General musings on programming languages, and Java.

Friday, January 02, 2009

The Typeclass Pattern

The Typeclass Pattern

This pattern applies to C# and Java, and possibly some other typed languages. It doesn't apply to C++, which does generics via templates.

A simple problem to demonstrate it with is a generic Pythagoras method that takes two numbers a and b and computes sqrt(a * a + b * b) for them. In both C# and Java this can't be written in the most straightforward way:

public T Pythagoras<T>(T a, T b)
{
    return Math.sqrt(a * a + b * b);
}
There's more than one reason, but the 'innermost' is that T doesn't have the operator *, and there's no way to restrict T so that it does.

The equivalent C++ will work, because C++ generates code rather than using constraints.

So the missing information in Pythagoras is:

   * How to multiply two Ts. (let's assume T * T gives T)

   * How to add two Ts. (let's assume T + T gives T)

   * How to find the square root of a T.


interface Num<T>
{
    T Add(T one, T two);
    T Multiply(T one, T two);
    T Sqrt(T t);
}
Now Pythagoras can be written with an extra parameter, a Num:
public T Pythagoras<T>(T a, T b, Num<T> num)
{
    return num.Sqrt(num.Add(num.Multiply(a, a), num.Multiply(b, b)));
}
Clearly, some language support wouldn't go amiss for this, at least in the arithmetic case. What's more of a problem is that your method gets a 'surprising' extra parameter, the Num. It's one of those things that makes sense in isolation, but is really an unnecessary detail when reading the code to gain an understanding of it. Scala offers an interesting solution to that.

In Scala, you might write Pythagoras as:

def pythagoras[T](a: T, b: T)(implicit num: Num[T]) = num.sqrt(num.add(num.multiply(a, a), num.multiply(b, b)))
Then calling it would look like:
pythagoras(3, 5)
The second parameter list for pythagoras is an 'implicit' parameter list, meaning that in compilation the compiler looks for a Num[T] in scope that it can use for num. You can specify it explicitly, e.g., pythagoras(3, 5)(Num.integer), or you can just import Num.integer at some point.

As with all patterns, though, all it takes is a language to support it directly, and then the pattern disappears from user code. In Haskell, Num is a built in type class and Int, Double, etc. are types that are instances, or members, of Num. +, -, *, / are defined as methods that are part of the Num typeclass. Let's omit the sqrt part for a moment:

Prelude> let pythagorasSquared a b = a * a + b * b
Prelude> pythagorasSquared 3 4
25
Prelude> :type pythagorasSquared
pythagorasSquared :: (Num t) => t -> t -> t
I hope the first two commands I gave to the Haskell interpreter are self-explanatory. The third asks what type pythagorasSquared is. That's like asking what signature a method has.
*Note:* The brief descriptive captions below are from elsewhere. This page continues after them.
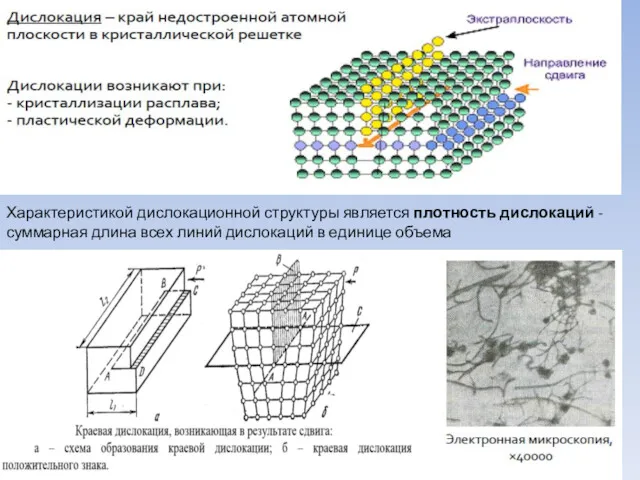 Характеристикой дислокационной структуры является плотность дислокаций - суммарная длина всех линий дислокаций в единице объема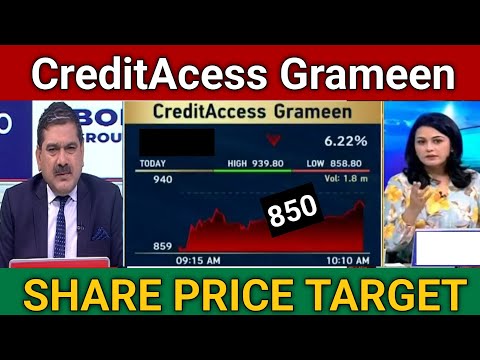 CreditAccess Grameen Share Latest News Today | CreditAccess Grameen Share Price Target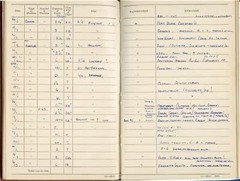 Pages from Eric Such's flying log book including a reference to the attack on Formosa, March 1945.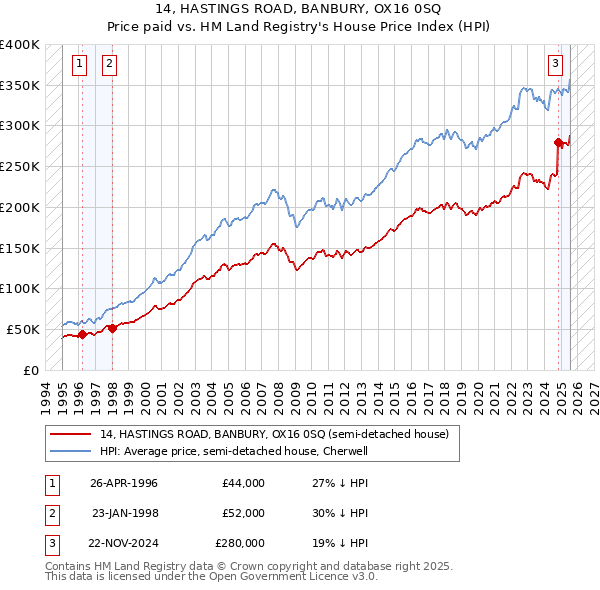 14, HASTINGS ROAD, BANBURY, OX16 0SQ: Price paid vs HM Land Registry's House Price Index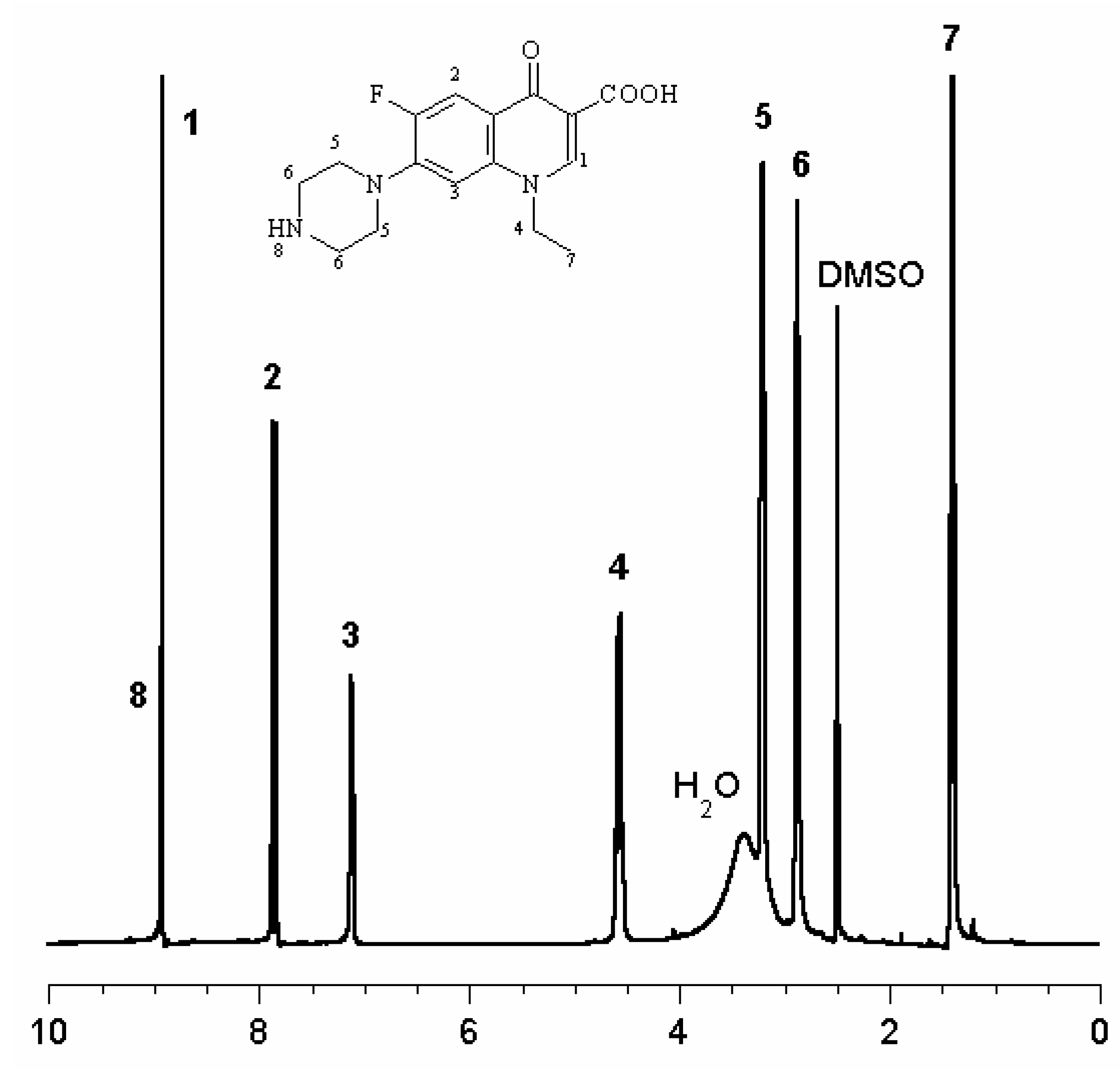 Acetanilide ir spectrum labeled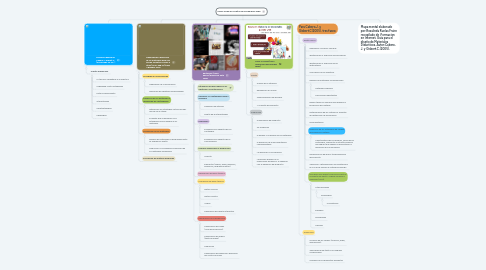 Mind Map: FASES PARA EL DISEÑO DE MATERIALES WEB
pythagorasSquared is a function with one type parameter called t. t is an instance, or member, of the Num type class. pythagorasSquared takes two values of this type t, and returns a value of the same type. E.g., given two Doubles it will yield a Double. This usually works internally by passing around a Num implicitly, like in the Scala solution, but can work quite like the C++ code generation way, depending entirely on the compiler.

The reason that I omitted the sqrt is that in Haskell, sqrt is defined on Floating, another type class, rather than Num (giving the sqrt of an Int as an Int is perhaps not useful).

At some point, some readers will have stopped understanding the terms, but if you grasped the concept, this wasn't a waste of time!

11 comments:

James Iry said...

For the sake of completeness, with a slightly different formulation the Scala code can look like

def pythagoras[T <% Num[T]](a: T, b: T) =
((a * a) + (b * b)).sqrt

James Iry said...

I've put a complete example up at http://paste.pocoo.org/show/97661/

Reinier Zwitserloot said...

Isn't this (at least in Java) simply a case of incomplete libraries? Java already has a Number class. It doesn't have any particularly useful methods in it though; certainly no plus, minus, divide, or multiply.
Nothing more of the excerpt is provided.